PROVIDED DATA >>
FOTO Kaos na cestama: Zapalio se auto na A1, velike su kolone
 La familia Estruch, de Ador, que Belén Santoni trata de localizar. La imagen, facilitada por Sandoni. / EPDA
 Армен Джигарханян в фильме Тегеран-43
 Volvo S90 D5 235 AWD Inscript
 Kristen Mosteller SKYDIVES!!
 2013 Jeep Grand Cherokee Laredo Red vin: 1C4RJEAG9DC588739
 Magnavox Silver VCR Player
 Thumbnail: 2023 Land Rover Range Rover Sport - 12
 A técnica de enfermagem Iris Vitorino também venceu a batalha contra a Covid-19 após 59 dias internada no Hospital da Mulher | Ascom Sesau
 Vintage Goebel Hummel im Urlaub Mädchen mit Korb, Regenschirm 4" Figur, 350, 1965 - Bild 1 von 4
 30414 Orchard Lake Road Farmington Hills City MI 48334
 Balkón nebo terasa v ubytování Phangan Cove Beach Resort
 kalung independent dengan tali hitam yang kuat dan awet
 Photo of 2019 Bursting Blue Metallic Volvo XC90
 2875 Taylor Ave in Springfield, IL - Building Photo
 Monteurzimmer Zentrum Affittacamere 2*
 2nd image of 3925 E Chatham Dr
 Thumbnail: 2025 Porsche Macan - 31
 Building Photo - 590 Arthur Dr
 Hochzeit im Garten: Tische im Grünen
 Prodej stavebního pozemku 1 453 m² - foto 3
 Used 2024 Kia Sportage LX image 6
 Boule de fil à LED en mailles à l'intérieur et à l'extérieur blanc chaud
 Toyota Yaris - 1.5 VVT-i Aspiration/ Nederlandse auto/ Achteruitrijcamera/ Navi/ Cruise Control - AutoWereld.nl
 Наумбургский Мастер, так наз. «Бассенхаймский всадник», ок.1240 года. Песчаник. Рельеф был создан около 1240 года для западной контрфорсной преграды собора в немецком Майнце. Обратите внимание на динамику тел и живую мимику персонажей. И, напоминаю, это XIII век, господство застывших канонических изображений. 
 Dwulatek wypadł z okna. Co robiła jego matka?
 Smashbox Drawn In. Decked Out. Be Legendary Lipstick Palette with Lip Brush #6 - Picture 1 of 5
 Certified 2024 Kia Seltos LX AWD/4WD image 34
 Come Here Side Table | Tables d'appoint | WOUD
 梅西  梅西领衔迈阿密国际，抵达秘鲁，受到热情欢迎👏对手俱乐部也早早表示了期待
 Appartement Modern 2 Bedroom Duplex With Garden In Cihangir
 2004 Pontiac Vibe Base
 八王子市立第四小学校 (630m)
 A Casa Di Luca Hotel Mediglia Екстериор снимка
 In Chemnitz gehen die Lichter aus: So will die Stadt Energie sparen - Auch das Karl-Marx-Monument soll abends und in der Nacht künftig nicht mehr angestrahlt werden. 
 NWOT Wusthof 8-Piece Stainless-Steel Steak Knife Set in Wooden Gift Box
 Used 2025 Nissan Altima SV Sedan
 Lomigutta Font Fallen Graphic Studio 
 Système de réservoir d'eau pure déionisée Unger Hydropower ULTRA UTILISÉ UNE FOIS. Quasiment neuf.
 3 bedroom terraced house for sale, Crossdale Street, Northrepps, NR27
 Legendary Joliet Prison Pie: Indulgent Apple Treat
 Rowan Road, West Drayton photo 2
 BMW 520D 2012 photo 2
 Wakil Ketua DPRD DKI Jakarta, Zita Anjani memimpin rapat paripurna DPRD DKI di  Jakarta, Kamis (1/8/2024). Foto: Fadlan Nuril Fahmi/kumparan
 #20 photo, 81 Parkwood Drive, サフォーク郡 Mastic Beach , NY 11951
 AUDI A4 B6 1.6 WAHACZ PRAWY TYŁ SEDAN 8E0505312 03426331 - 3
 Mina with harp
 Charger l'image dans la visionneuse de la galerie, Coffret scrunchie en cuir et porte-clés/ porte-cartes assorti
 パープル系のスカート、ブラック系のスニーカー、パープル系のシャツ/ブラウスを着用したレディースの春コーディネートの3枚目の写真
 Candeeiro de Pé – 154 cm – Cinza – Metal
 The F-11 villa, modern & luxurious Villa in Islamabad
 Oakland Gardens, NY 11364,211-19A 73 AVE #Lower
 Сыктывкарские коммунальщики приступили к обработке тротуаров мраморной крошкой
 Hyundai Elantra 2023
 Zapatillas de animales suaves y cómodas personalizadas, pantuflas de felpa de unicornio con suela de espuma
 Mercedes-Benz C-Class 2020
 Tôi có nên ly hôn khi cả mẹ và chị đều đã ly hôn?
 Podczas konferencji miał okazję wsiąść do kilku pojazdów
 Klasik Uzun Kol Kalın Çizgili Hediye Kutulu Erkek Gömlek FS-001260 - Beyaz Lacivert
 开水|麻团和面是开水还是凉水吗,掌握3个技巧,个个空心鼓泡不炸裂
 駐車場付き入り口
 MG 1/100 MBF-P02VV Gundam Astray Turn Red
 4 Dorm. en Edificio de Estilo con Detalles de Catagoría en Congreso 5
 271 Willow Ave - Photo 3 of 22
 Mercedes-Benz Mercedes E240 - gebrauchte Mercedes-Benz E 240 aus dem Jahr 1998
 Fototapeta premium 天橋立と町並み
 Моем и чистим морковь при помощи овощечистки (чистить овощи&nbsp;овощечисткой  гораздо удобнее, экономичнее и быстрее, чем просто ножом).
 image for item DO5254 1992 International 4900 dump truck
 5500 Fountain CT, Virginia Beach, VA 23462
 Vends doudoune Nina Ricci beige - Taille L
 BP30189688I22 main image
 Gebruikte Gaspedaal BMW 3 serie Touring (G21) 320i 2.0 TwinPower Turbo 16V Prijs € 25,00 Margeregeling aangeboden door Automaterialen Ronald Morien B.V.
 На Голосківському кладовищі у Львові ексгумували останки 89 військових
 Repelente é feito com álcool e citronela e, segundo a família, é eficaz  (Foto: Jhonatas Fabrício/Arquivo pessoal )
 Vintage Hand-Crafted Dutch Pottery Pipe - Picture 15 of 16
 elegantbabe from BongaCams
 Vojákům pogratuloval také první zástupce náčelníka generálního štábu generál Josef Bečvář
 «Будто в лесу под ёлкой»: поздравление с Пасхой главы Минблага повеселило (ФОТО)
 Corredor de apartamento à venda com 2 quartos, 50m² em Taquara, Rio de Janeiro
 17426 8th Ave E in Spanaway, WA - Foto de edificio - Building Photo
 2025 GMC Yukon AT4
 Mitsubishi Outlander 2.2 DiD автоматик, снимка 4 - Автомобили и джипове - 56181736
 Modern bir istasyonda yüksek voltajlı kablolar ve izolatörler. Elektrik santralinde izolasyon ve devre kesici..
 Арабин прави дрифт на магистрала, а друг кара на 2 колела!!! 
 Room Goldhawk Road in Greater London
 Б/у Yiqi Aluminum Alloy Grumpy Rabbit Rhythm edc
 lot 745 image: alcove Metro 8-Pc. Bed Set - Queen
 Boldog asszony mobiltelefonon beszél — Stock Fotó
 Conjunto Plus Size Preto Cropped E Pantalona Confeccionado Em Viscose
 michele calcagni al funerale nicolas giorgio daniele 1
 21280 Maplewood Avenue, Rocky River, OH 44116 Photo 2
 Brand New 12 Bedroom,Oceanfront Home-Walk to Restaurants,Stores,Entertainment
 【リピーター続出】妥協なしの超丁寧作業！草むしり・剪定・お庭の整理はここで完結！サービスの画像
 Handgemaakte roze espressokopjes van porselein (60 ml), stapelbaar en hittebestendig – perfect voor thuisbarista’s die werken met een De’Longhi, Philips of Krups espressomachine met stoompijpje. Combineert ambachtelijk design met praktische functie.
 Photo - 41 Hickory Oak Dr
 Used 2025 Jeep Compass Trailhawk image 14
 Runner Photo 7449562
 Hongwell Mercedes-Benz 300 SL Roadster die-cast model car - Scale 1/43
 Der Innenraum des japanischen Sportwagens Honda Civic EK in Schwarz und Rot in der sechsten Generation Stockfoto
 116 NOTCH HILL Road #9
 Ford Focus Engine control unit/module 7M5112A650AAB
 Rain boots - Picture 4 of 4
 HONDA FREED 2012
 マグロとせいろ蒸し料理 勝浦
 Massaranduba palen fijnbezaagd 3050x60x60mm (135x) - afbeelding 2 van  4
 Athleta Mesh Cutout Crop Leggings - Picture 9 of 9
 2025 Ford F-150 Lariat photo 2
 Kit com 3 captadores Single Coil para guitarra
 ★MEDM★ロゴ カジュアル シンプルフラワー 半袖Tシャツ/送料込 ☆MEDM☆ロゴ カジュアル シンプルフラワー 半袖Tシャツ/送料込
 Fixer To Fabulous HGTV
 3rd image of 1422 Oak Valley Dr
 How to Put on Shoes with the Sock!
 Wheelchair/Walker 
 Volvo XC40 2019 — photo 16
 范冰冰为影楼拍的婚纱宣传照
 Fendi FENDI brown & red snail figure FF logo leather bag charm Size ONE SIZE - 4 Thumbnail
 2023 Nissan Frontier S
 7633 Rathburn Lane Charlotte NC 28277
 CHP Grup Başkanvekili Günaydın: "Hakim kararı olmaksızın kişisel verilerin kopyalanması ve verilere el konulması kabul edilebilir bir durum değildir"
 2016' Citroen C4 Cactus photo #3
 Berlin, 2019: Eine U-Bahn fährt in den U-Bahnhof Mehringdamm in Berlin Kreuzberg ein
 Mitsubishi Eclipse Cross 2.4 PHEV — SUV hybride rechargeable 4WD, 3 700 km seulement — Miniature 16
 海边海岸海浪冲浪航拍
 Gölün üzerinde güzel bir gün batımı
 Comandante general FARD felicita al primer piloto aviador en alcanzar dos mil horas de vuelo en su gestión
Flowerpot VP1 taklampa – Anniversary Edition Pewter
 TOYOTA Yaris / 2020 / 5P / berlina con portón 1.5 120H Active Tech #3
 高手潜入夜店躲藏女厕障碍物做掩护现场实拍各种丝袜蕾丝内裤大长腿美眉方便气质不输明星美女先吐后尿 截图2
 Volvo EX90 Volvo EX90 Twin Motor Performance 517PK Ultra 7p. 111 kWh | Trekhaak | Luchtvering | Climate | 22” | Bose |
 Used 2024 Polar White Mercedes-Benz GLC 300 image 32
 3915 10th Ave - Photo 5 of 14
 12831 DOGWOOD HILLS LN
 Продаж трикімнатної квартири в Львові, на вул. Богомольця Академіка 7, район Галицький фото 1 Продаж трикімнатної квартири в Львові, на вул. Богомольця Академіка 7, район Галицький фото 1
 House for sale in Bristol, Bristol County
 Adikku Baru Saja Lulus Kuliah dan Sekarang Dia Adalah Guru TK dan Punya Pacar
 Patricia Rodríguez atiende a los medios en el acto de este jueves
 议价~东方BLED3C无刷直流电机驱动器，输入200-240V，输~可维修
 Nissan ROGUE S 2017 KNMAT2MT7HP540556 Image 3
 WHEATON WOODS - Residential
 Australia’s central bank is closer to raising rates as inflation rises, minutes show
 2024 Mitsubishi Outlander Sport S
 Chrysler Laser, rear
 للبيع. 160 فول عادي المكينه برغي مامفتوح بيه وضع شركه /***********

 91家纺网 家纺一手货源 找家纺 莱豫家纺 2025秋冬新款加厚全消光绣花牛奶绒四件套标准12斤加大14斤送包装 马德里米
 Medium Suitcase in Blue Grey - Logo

AIM OF THE EXERCISE >>
Copy the lines of the data above exactly as written, beginning with the line containing "Toyota Yaris - 1.5" and ending with the line containing "Lomigutta Font Fallen Graphic Studio", and leave out all other lines.

EXPECTED ANSWER >>
 Toyota Yaris - 1.5 VVT-i Aspiration/ Nederlandse auto/ Achteruitrijcamera/ Navi/ Cruise Control - AutoWereld.nl
 Наумбургский Мастер, так наз. «Бассенхаймский всадник», ок.1240 года. Песчаник. Рельеф был создан около 1240 года для западной контрфорсной преграды собора в немецком Майнце. Обратите внимание на динамику тел и живую мимику персонажей. И, напоминаю, это XIII век, господство застывших канонических изображений. 
 Dwulatek wypadł z okna. Co robiła jego matka?
 Smashbox Drawn In. Decked Out. Be Legendary Lipstick Palette with Lip Brush #6 - Picture 1 of 5
 Certified 2024 Kia Seltos LX AWD/4WD image 34
 Come Here Side Table | Tables d'appoint | WOUD
 梅西  梅西领衔迈阿密国际，抵达秘鲁，受到热情欢迎👏对手俱乐部也早早表示了期待
 Appartement Modern 2 Bedroom Duplex With Garden In Cihangir
 2004 Pontiac Vibe Base
 八王子市立第四小学校 (630m)
 A Casa Di Luca Hotel Mediglia Екстериор снимка
 In Chemnitz gehen die Lichter aus: So will die Stadt Energie sparen - Auch das Karl-Marx-Monument soll abends und in der Nacht künftig nicht mehr angestrahlt werden. 
 NWOT Wusthof 8-Piece Stainless-Steel Steak Knife Set in Wooden Gift Box
 Used 2025 Nissan Altima SV Sedan
 Lomigutta Font Fallen Graphic Studio 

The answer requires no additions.